Troops vulnerable to missile attack; as rogue states were upgrading their theater-missile arsenals, the Clinton team thwarted U.S. deployment of the next generation of patriot antimissile batteries

0 Comments | Insight on the News, April 29, 2002 | by Martin Leibstone

It has been more than 10 years since Operation Desert Storm, when Iraqi leader Saddam Hussein fired Scud missiles against targets in Israel and Saudi Arabia, yet the number of deployable U.S. systems to counter even a modest barrage of modernized theater ballistic missiles will be far from adequate for some time.

Today's forecast is that Iraq, Iran and North Korea -- President George W. Bush's so-called "Axis of Evil" -- soon will be maintaining more than 1,000 Scud-type missiles each, while U.S. systems to counter an attack in likely war zones with greater than 98 percent "hit" assurance are just emerging from development.

Though delivery of U.S. theater ballistic-missle defense systems had started under former president George H.W. Bush before the 1991 Iraqi Scud attacks, their subsequent slow pace of development can be traced to a Clinton White House which, by denial and indifference to the severity of the threat, opened the door for those in position to strike U.S. forces with ballistic missiles.

Not that the Clinton security team did nothing, say defense experts. Rather, it waited three years after Desert Storm before it selected a design for the badly needed antimissile system, a roughly $2.1 million per unit Patriot Advanced Capability-3 (PAC-3). Then it sat on its hands while Lockheed Martin took more than seven years to roll out the first operational PAC-3, ironically in September 2001.

The Clinton plan called for U.S. forces to have more than 2,000 PAC-3s in U.S. Army inventories within a decade. Right now, the Army has less than 50 barely one-fifth of what Pentagon experts say is needed to match the strike inventory of likely adversaries.

According to an industry source, "With faster system selection, better funding during the Clinton years and an earlier green light for production from a Clinton-softened Pentagon, many more PAC-3s could have been fielded by now, as much of the PAC-3 is built from available parts."

Army units at war today have to rely on the PAC-2 configuration to counter Scuds and similar missiles carrying conventional, nuclear or chemical war-heads. The PAC-3 is more accurate, using a kinetic warhead that strikes incoming missiles like a bullet hitting a bullet. Exact PAC-2 and PAC-3 ranges are classified data, but each is capable of intercepting enemy missiles far from war zones being protected.

What no one in the know even bothers to deny anymore is that, in light of missile-system advances that have taken place around the world since 1991, the Clinton administration rolled the dice with the lives of U.S. troops and mission success.
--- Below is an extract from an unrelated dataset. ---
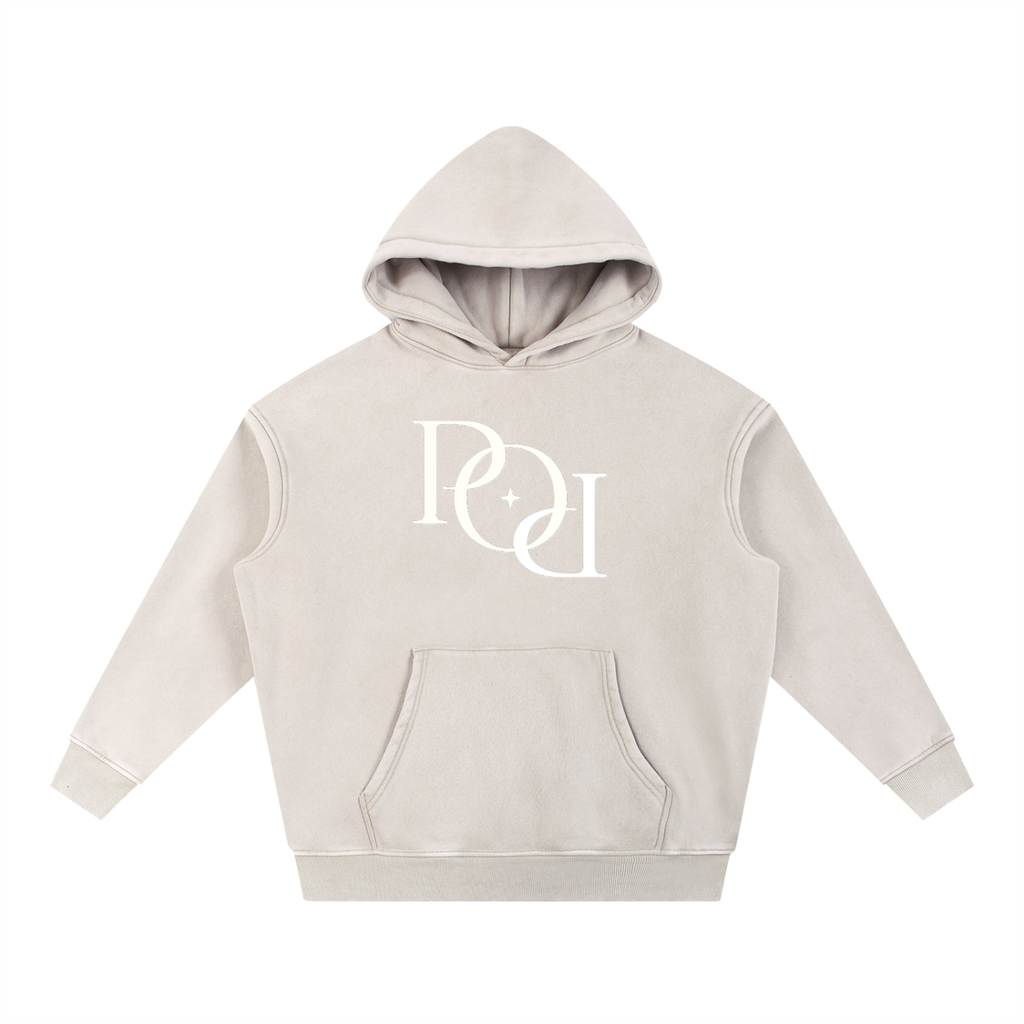 POd Oversize Hoodie Mild Apricot
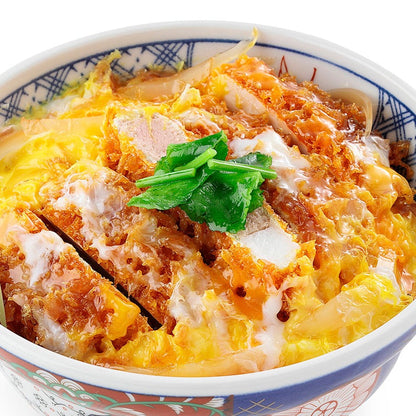 Fake Food / Deep-fried Pork Cutlet On Rice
The potential consequences of this neglect will diminish with each PAC-3 that the Army receives, say Pentagon insiders. But, short of a production miracle, the needed antimissile capacity won't be in hand for several years until the Army has more than 1,000 PAC-3s.

Why the delay? Clinton-era strategists were confident that U.S. airpower could pre-empt Scud deliveries by striking enemy launch systems. But this requires precise intelligence; it means identifying launch-site locations with precision easily thwarted by relatively primitive subterfuge, ranging from hiding the platforms in caves to moving them around on trucks.

True, as one intelligence-agency source put it, "Lots of target information comes from overhead satellites, un-manned aerial vehicles, surveillance planes, radar and audio technologies. But, to complete the job, human-intelligence assets are required, and hardly any exist today where they are needed most." Another analyst argues, "Lack of sufficient Clinton-administration backing for recruitment of more spies further harmed antimissile security by increasing, in turn, the need for more-powerful antimissile defense systems like the PAC-3, speedy development of which the Clinton people paid little attention to."

The excuses given for the slow anti-missle progress during the Clinton era included not enough funds, the need for more research and testing, fear of rogue states responding by increasing their missile arsenals and maybe striking U.S. targets early on, the high priority Clinton advisers put on the war in Yugoslavia and the need for reform of systems procurement before big budget changes could be made.

Given the nature of the threat posed by the growing arsenal of theater missiles in the hands of likely adversaries, it is hard for critics to believe that any of these explanations is anything more than an excuse for the longtime opposition of Clinton liberals to antimissile platforms of any kind, a hangover from their polemical crusade to block homeland missile defense as a Star Wars

fantasy.

As a practical matter, Pentagon sources insist, the theater-defense systems could and should have been deployed long ago. A Pentagon weapons-acquisition specialist tells INSIGHT: "In most cases since World War II, the development through production cycle for major defense systems has been more than seven years, but for combat systems needed soonest it just doesn't have to take this long."